A vinte e cinco dias das eleições que ditarão o próximo líder da Casa Branca, a corrida não poderia estar mais renhida. Se tudo corria de feição ao candidato republicano, Donald Trump, após o primeiro debate com o Presidente Joe Biden e a tentativa de assassínio de que foi alvo, a corrente mudou quando Kamala Harris, atual vice-presidente, assumiu a nomeação democrata.
Mas o boost inicial do Partido Democrata, potenciado pela energia da nova candidata e pela Convenção em agosto, já assentou, deixando tudo empatado. É, assim, arriscado fazer uma previsão de quem será o próximo líder da ‘Land of the free’.
Trata-se de uma eleição decisiva e importante, talvez mais do que qualquer outra nas últimas décadas, onde estarão frente-a-frente ideias para os Estados Unidos – e para as suas relações com o mundo – diametralmente opostas. Num momento de fragilidade para a ordem internacional liberal, a posição do seu líder assume uma importância acrescida, e mesmo que continue a ser a principal potência mundial, os Estados Unidos têm o seu poderio seriamente contestado e multipolaridade é cada vez mais uma certeza.
O que dizem as sondagens
As sondagens apontam precisamente para o equilíbrio entre os dois candidatos, principalmente nos estados decisivos, os swing states, que ditarão o vencedor em novembro.
A nível nacional, Harris tem agora números superiores aos de Trump, com uma vantagem que tem variado entre os 2% e os 3%. Uma vantagem, é certo, mas importa não esquecer que Hillary Clinton, candidata democrata em 2016, superava Trump por cerca de 4,5% a esta altura do campeonato. O resultado final todos sabemos. Também Biden, há quatro anos, liderava significativamente as sondagens com 9% de vantagem sobre o adversário, acabando por retirar Trump da Sala Oval por uma margem bem mais pequena. É importante ter estes números em consideração, algo que a equipa de Kamala Harris certamente saberá.
No que diz respeito aos swing states, Boyd Wagner, presidente da Euronews Polls Centre e ex-estratega de comunicação política nos Estados Unidos, fornece informação detalhada: «Atualmente, a Pensilvânia apresenta sondagens muito perto do empate, com muitas sondagens a intercalarem entre uma vantagem de Trump e uma vantagem de Harris. Usando os modelos de sondagem agregados, Trump tem no momento uma fração de 1% de vantagem sobre Harris».
Na Geórgia, um Estado que era tendencialmente republicano até à eleição de 2020, Wagner diz que «Trump tem 1 a 2 pontos de vantagem sobre Harris». Situação que é semelhante no Arizona.

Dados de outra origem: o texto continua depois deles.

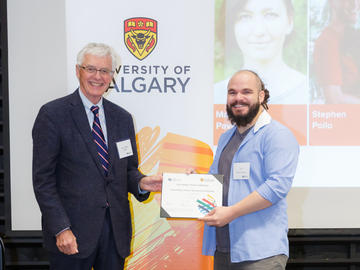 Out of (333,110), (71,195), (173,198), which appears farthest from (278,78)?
(71,195)

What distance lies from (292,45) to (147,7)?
1208mm

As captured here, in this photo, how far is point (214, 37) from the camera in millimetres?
2807

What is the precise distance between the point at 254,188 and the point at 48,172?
3.57 ft

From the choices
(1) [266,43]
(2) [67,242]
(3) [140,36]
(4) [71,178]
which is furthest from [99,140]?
(1) [266,43]

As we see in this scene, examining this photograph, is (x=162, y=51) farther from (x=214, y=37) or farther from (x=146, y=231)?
(x=146, y=231)

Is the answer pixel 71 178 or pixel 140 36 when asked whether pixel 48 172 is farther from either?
pixel 140 36

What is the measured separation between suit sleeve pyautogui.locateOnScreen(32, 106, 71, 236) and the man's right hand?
0.04 meters

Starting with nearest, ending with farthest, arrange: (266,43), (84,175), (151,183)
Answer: (84,175) → (151,183) → (266,43)

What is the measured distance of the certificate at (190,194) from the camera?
1.90 m

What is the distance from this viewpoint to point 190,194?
77.0 inches

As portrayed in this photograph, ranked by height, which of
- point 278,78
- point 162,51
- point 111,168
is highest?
point 162,51

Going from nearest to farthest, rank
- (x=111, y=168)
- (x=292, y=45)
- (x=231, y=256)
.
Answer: (x=231, y=256) → (x=111, y=168) → (x=292, y=45)

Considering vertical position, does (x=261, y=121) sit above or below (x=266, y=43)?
below

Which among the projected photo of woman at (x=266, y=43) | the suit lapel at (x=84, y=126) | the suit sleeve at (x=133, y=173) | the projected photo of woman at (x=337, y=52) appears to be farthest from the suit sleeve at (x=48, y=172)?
the projected photo of woman at (x=337, y=52) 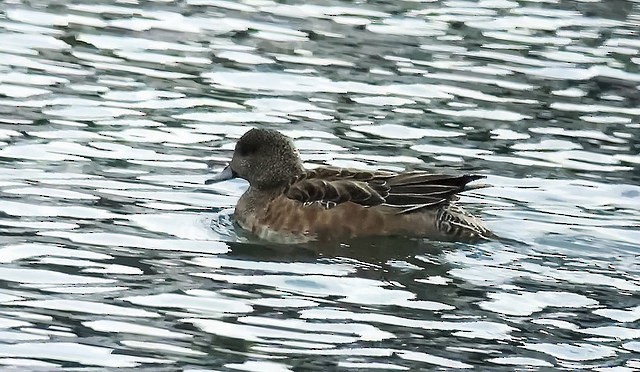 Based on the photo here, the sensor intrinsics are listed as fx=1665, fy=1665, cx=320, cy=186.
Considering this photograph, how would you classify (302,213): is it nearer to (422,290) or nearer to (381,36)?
Result: (422,290)

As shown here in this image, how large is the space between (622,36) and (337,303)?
31.3 ft

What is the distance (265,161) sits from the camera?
11.3 m

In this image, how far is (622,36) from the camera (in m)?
17.8

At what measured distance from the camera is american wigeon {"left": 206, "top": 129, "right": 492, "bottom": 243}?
1080 centimetres

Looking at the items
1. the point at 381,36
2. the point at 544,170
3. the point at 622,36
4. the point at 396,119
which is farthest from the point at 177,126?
the point at 622,36

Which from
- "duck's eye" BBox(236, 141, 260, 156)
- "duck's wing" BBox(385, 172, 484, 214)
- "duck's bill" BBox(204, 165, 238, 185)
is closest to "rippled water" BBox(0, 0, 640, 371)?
"duck's bill" BBox(204, 165, 238, 185)

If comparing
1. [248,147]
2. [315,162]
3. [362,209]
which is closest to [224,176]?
[248,147]

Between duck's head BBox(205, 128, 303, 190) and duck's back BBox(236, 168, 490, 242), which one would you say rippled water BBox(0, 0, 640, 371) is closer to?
duck's back BBox(236, 168, 490, 242)

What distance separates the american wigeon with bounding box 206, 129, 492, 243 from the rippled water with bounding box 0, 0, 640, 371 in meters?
0.18

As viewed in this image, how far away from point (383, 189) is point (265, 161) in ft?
2.95

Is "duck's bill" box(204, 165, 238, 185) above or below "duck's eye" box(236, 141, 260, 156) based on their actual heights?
below

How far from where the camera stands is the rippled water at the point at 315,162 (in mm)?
8391

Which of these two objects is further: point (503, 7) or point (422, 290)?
point (503, 7)

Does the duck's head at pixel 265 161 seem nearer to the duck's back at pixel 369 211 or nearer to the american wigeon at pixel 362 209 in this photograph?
the american wigeon at pixel 362 209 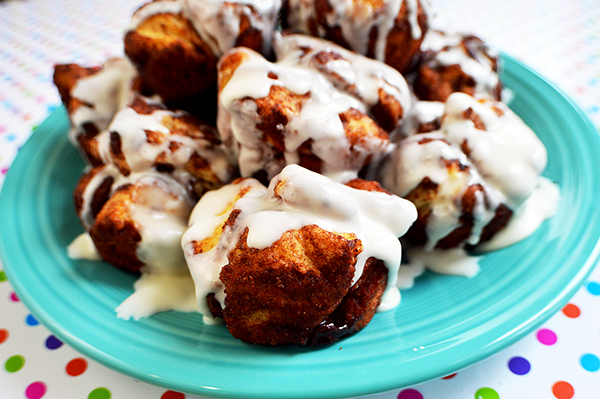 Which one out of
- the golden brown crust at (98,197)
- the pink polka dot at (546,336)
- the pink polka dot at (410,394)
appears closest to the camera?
the pink polka dot at (410,394)

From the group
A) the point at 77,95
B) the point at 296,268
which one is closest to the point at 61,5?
the point at 77,95

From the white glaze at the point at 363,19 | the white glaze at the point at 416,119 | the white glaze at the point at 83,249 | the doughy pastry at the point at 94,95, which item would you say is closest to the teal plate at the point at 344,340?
the white glaze at the point at 83,249

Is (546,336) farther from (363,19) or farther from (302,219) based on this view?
(363,19)

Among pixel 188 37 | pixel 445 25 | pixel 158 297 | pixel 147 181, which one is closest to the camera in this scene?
pixel 158 297

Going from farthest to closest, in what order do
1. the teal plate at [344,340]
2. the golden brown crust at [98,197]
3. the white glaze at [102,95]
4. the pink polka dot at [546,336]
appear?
the white glaze at [102,95] < the golden brown crust at [98,197] < the pink polka dot at [546,336] < the teal plate at [344,340]

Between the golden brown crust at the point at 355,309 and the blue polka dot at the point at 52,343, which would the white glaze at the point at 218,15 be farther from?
the blue polka dot at the point at 52,343

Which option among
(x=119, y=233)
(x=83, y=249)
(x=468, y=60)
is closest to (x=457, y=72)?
(x=468, y=60) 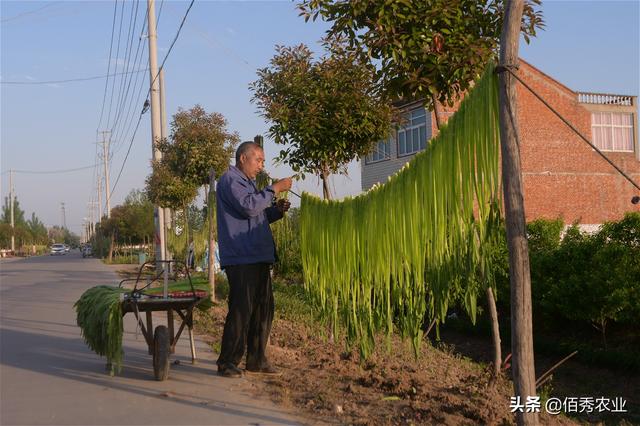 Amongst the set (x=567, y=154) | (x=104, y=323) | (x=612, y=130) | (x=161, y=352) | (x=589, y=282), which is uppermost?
(x=612, y=130)

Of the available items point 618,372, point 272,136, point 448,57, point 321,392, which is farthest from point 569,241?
point 321,392

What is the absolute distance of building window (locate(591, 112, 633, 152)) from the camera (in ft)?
112

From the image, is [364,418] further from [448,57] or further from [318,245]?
[448,57]

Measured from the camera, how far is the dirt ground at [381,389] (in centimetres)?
469

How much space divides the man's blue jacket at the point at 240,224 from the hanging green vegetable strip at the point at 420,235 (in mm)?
630

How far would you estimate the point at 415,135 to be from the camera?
29.6 metres

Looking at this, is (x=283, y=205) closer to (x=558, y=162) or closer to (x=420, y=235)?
(x=420, y=235)

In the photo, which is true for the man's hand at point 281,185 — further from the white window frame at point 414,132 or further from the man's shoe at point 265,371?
the white window frame at point 414,132

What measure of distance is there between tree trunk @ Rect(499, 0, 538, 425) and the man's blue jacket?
8.46 ft

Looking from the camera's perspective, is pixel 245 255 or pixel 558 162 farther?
pixel 558 162

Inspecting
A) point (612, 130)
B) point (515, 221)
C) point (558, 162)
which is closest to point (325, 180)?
point (515, 221)

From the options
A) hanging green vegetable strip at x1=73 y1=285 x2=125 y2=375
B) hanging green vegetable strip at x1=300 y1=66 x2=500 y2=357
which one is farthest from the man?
hanging green vegetable strip at x1=73 y1=285 x2=125 y2=375

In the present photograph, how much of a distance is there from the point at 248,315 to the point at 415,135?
80.1 ft

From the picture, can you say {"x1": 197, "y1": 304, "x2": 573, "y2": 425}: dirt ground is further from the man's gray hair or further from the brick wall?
the brick wall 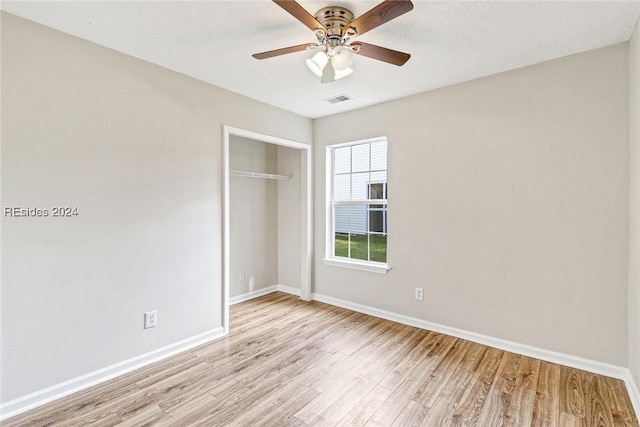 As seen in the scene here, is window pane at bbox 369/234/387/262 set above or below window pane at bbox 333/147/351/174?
below

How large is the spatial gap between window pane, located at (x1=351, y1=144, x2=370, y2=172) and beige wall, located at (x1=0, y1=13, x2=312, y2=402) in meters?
1.69

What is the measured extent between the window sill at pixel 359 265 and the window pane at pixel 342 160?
118 centimetres

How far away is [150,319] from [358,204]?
8.37 feet

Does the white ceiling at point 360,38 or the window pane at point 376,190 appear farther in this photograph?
the window pane at point 376,190

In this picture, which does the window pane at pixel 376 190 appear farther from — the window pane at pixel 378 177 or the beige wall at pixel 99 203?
the beige wall at pixel 99 203

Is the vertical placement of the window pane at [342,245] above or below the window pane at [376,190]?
below

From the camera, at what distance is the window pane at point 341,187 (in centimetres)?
405

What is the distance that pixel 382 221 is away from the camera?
3.73m

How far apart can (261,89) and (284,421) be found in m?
2.89

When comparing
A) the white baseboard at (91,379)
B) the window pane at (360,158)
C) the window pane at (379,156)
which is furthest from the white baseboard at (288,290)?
the window pane at (379,156)

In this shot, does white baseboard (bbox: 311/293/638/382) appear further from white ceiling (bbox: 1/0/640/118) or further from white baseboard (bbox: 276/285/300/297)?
white ceiling (bbox: 1/0/640/118)

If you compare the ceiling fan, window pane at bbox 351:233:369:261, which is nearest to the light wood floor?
window pane at bbox 351:233:369:261

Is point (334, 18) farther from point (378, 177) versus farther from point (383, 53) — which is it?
point (378, 177)

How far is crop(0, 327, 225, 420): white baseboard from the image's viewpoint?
6.49 ft
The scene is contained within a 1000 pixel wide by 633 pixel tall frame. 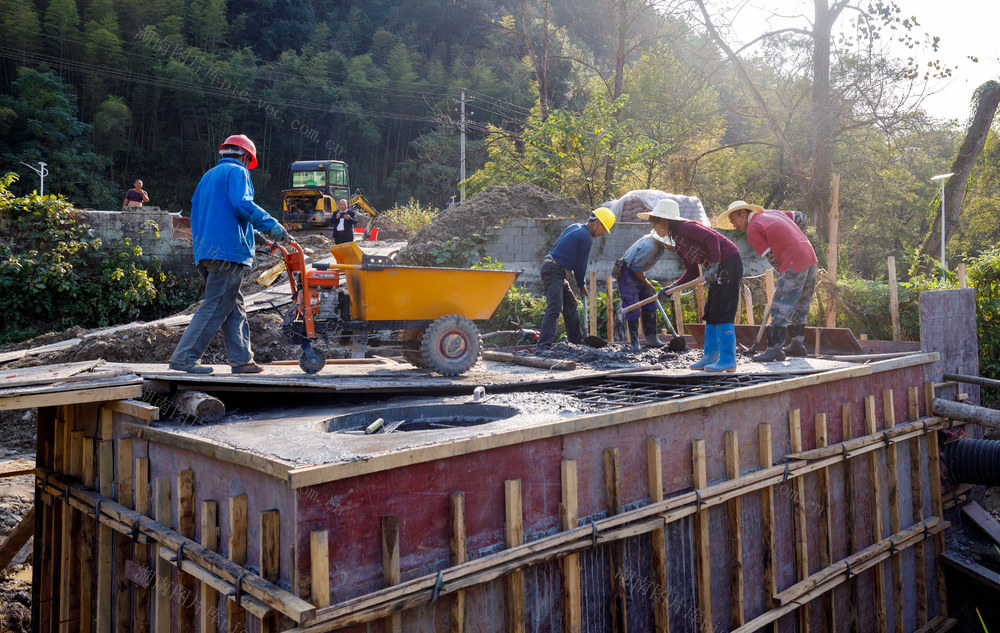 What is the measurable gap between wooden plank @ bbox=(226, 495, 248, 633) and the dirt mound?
948 centimetres

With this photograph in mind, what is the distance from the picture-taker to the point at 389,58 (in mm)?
46438

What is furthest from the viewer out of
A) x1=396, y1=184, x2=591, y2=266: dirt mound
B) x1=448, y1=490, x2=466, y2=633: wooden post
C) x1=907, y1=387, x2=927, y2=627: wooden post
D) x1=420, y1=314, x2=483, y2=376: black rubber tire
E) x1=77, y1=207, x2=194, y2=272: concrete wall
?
x1=77, y1=207, x2=194, y2=272: concrete wall

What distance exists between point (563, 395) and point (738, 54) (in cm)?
1421

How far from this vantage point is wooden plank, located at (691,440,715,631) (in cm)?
457

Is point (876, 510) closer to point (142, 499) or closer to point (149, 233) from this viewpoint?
point (142, 499)

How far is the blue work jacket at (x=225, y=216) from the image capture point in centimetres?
490

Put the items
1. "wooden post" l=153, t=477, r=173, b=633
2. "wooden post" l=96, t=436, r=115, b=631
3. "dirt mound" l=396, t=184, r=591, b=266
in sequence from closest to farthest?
"wooden post" l=153, t=477, r=173, b=633
"wooden post" l=96, t=436, r=115, b=631
"dirt mound" l=396, t=184, r=591, b=266

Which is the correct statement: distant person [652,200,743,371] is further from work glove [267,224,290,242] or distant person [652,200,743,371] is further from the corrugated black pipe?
work glove [267,224,290,242]

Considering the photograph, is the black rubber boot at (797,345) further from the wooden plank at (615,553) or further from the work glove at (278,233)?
the work glove at (278,233)

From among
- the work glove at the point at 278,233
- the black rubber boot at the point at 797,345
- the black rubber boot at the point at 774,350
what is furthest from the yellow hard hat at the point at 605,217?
the work glove at the point at 278,233

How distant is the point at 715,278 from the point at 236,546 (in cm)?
450

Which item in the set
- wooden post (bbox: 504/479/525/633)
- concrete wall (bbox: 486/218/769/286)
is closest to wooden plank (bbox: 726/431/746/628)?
wooden post (bbox: 504/479/525/633)

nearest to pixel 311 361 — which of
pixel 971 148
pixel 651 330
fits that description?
pixel 651 330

Por fim, o último Estado mencionado na análise do perito americano é a Carolina do Norte: «A Carolina do Norte é o único Estado que Trump venceu em 2020 onde há uma possibilidade para a campanha de Harris em 2024. Segundo os modelos de média de sondagens, Trump detém uma liderança estreita de menos de um ponto percentual, ainda que o Estado tenha regularmente regressado a Trump nas semanas recentes».
A análise específica de Wagner coloca em evidência o equilíbrio da disputa, e o debate vice-presidencial, como é normal ao longo da história americana, não impacto suficiente para alterar o paradigma. Haverá corrida até ao último voto.
Melania e o aborto
Melania Trump, esposa do ex-Presidente, lançou um livro de memórias, que carrega o seu primeiro nome na capa, na terça-feira. Além da descrição de vários momentos dos seus cinquenta e quatro anos de vida – da infância na Eslovénia à paixão pelo magnata americano – há um tema que salta inevitavelmente, e até de forma inesperada, à vista: o aborto.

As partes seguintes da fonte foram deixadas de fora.